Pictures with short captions
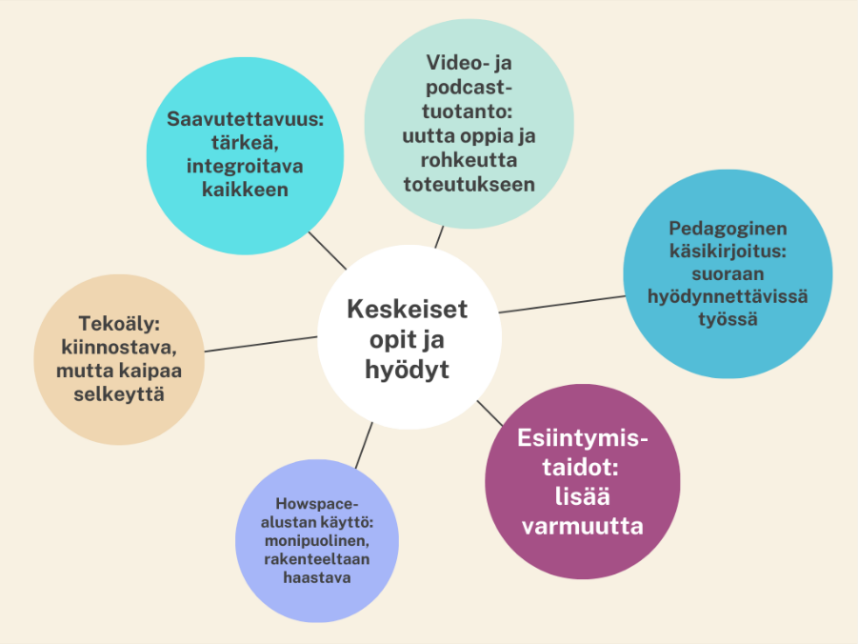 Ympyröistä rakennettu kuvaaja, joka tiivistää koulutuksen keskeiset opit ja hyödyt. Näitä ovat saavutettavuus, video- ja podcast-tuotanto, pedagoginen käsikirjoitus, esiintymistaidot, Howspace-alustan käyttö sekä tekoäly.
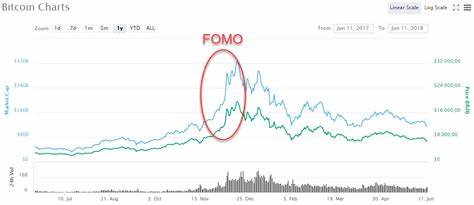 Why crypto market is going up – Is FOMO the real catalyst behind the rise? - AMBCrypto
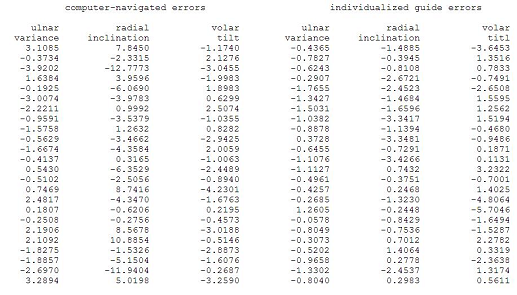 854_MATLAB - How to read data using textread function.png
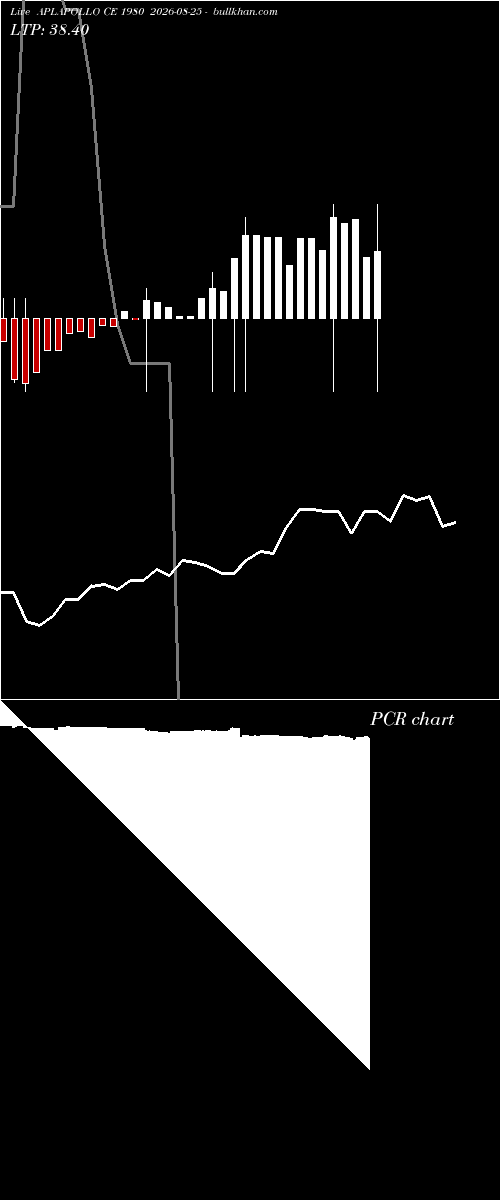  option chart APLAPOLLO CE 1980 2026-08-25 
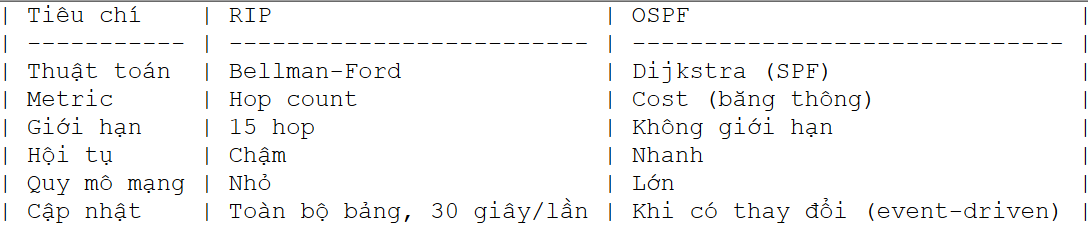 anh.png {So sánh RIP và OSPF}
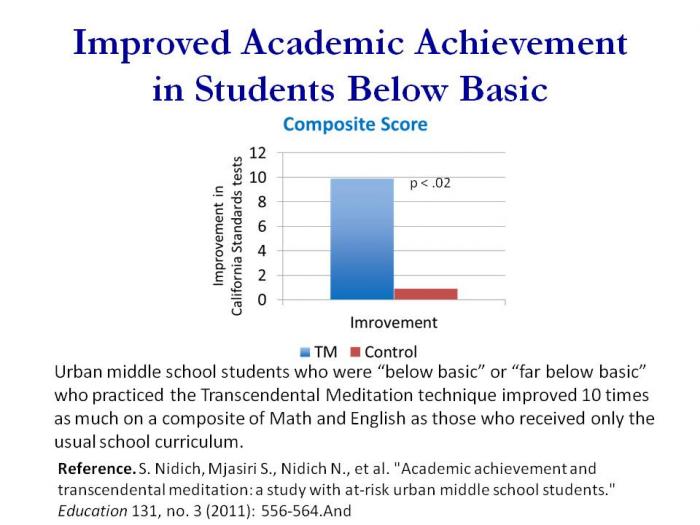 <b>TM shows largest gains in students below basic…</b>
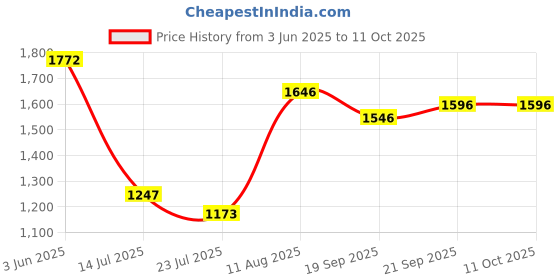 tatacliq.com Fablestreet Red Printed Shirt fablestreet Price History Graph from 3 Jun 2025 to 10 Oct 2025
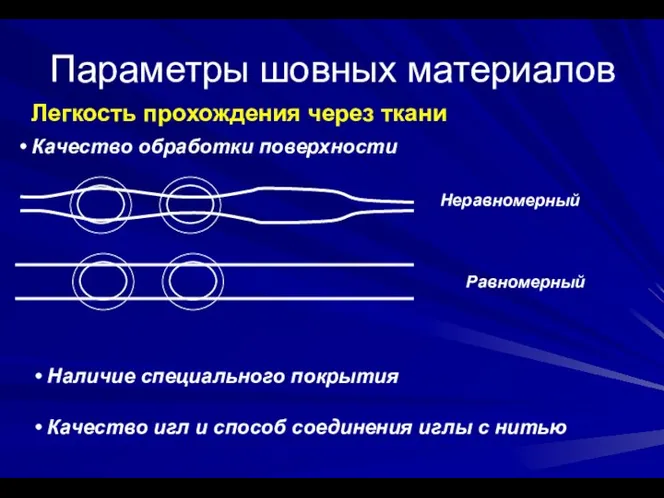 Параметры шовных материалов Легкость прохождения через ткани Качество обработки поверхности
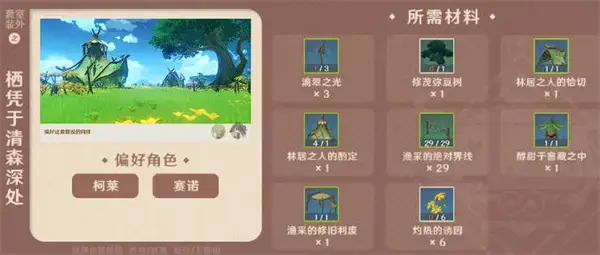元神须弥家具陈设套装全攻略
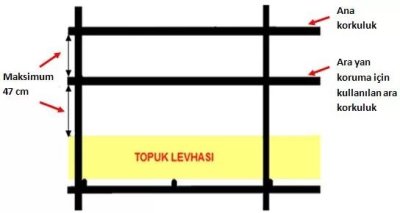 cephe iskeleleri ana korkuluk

*Aim of the exercise*. Your output should consist solely of the lines from the line containing "option chart APLAPOLLO CE 1980 2026-08-25" through the last line of the entries, verbatim, minus any pictures.

*The answer*.
  option chart APLAPOLLO CE 1980 2026-08-25 
 anh.png {So sánh RIP và OSPF}
 <b>TM shows largest gains in students below basic…</b>
 tatacliq.com Fablestreet Red Printed Shirt fablestreet Price History Graph from 3 Jun 2025 to 10 Oct 2025
 Параметры шовных материалов Легкость прохождения через ткани Качество обработки поверхности
元神须弥家具陈设套装全攻略
 cephe iskeleleri ana korkuluk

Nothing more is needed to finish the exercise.